In business, school fees show up as refunds, returns, replacements, damaged parcels, low reviews, awkward apologies, admin time, and the kind of customer message that makes your stomach quietly leave the room before you finish reading it.
Some school fees are unavoidable. Every seller, vendor, maker, manufacturer, reseller, and importer will pay a few. That is part of learning. You launch the product. The customer uses it differently than expected. A supplier changes a detail without warning. A product page that looked clear at midnight suddenly becomes a treasure map in daylight.
Ok, ja, well, no fine. That is business.
But paying school fees twice for the same mistake? That is where Customer Obsession starts clearing its throat.
Because the first time a buyer complains, the business may have discovered a problem. The second time, it may have discovered a pattern. The third time, my friend, the problem has moved in, unpacked, and started using your Wi-Fi.

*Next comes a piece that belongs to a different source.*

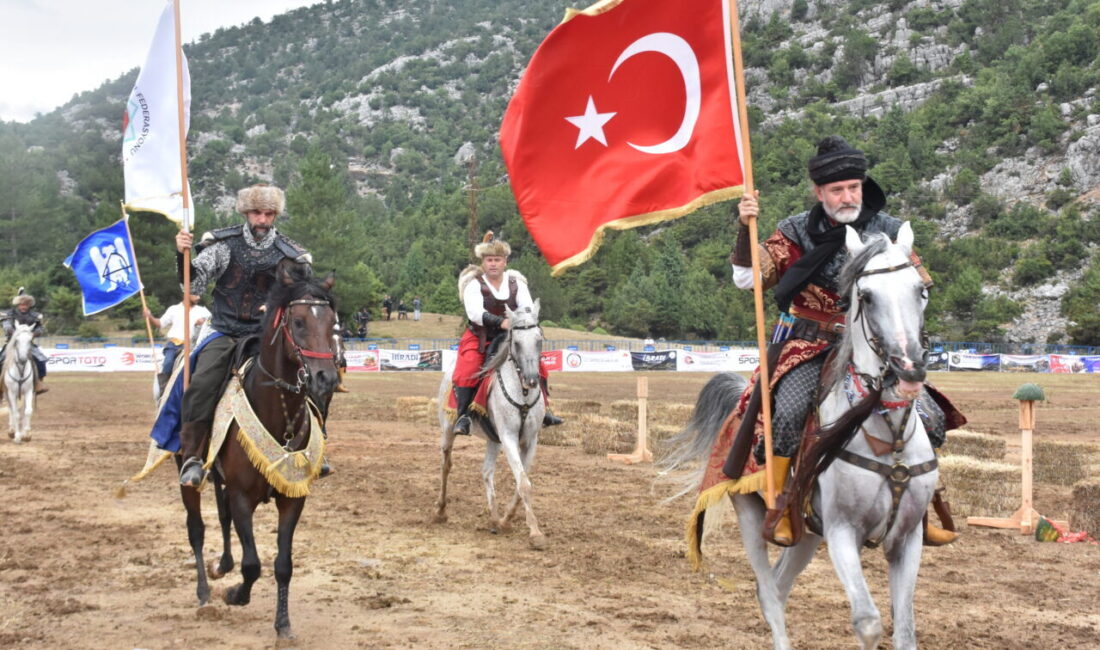 - Dünya Etnospor Birliği Başkanı Bilal Erdoğan:
- "Biz eskiye dair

That is where Amazon’s Leadership Principle of Customer Obsession becomes useful through a Six Sigma lens. Customer Obsession is not only about responding quickly, apologising warmly, or recovering the individual order. It is about learning from customer pain fast enough that the same pain does not keep returning with a new order number and fresh attitude.
A review is not only feedback from yesterday’s customer. In a marketplace, it becomes evidence for tomorrow’s buyer. Returns, refund reasons, low ratings, repeated questions, and support messages are not admin clutter. They are the places where the business leaves fingerprints. They show where expectation, process, product, fulfilment, or communication may be leaving a mark the next customer can see.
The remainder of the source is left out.